Douzième étape: Saint-Laurent-en-Grandvaux-la Faucille
KM 468: CURE FRANCO-SUISSE
Le bourg-frontière de la Cure est le royaume des "trafiquants" de chocolat suisse. Du soir au matin, les rues de ce petit village sont parcourues par des hommes et des femmes aux bras chargés de multiples tablettes. Et les douaniers laissent faire... En plus, la Cure cache une étonnante spécificité géographico-culinaro-politique: l'Arbézie...

Mur indicateur peint sur une ancienne ferme de la Cure. On peut y lire: "Genève, la Savoie, direct par la Faucille, panorama grandiose, Gex, centre de tourisme..." le reste est illisible. Tout a disparu dans les années 2010 (Photo: Marc Verney, avril 2006).


Un petit tour sur la N5A et vers la Suisse (lire)

C'est quoi l'Arbézie? Voilà une jolie histoire à lire dans le Canard Enchaîné, l'hebdo satirique français. Il existe à la Cure un restaurant (Chez Arbez) situé à cheval sur la frontière entre France et Suisse. L'histoire remonte, raconte le journal (16 août 2006), au traité des Dappes de 1862. Français et Helvètes décident de rectifier la frontière entre les deux pays. Manque de bol: le tracé coupe le champ d'un certain Ponthus. Malin, il décide d'en profiter et y construit juste avant la ratification de l'accord une baraque qui servira à héberger son petit trafic transfrontalier. Or le traité indique "qu'il ne portera aucune atteinte aux droits acquis au moment de l'échange des ratifications". Le "magasin Ponthus" a donc une façade en France et l'autre en Suisse... Pratique! Revendu à Jules-Joseph Arbez en 1921, l'hôtel de la Frontière devient Franco-suisse. En 1940, la spécificité de l'endroit le place au coeur du second conflit mondial: les Allemands, explique encore le Canard "n'ont pu voir que la partie française du bar et de la salle à manger; en outre, l'escalier démarre en France mais la septième marche est en Suisse, ce qui rend inaccessible le deuxième étage..." L'enclave, qui se situe juste à côté du début de la ligne de démarcation est un haut lieu de la Résistance!
Plus tard, l'accord trouvé entre France et Suisse rend les choses encore plus étonnantes: les autorités françaises considèrent le bâtiment comme suisse et les officiels suisses comme français... Résultat, rigole le Canard, "une extraterritorialité simple". Edgar Faure, un ancien politique local donnera même le nom de cette étrangeté: l'Arbézie... Aujourd'hui, on peut y dormir la tête en Suisse et les pieds en France...

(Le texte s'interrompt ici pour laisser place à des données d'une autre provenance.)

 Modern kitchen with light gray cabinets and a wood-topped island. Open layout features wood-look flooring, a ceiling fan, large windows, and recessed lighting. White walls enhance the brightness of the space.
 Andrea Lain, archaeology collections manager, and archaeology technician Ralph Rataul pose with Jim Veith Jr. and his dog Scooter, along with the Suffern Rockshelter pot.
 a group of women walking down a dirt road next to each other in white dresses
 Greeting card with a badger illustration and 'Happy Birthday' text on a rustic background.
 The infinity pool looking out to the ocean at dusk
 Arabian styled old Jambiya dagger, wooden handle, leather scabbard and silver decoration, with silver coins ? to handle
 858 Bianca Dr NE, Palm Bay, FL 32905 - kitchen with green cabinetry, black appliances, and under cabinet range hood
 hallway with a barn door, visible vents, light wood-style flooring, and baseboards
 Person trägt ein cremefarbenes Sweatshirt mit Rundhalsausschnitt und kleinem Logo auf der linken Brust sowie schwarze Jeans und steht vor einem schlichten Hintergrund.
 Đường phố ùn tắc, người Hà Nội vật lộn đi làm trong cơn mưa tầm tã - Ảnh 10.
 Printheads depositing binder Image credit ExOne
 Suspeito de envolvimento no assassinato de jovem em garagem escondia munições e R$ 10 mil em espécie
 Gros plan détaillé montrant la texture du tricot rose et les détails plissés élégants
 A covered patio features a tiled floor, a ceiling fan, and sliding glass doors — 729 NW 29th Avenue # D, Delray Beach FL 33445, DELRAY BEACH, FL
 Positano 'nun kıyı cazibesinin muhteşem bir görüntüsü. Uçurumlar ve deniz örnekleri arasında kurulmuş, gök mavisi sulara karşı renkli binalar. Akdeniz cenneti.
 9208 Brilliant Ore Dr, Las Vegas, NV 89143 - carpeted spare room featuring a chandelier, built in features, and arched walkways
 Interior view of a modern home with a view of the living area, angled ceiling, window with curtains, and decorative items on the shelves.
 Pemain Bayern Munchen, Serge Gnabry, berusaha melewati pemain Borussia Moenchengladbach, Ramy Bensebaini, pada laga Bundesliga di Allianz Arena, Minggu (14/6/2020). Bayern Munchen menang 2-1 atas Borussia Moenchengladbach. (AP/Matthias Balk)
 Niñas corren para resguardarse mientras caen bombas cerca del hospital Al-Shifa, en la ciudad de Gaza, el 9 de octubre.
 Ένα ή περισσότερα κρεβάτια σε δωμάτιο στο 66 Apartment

A gauche, au-dessus du poste frontière suisse, les services helvétiques de l'équipement ont installé ce panneau (à droite) inspiré de la signalisation française. Genève peut être atteinte depuis la Cure à la fois par le col de la Faucille (N5) mais aussi par Saint-Cergue et Nyon. A droite, la plaque des douanes suisses (Photos: Marc Verney, avril 2006).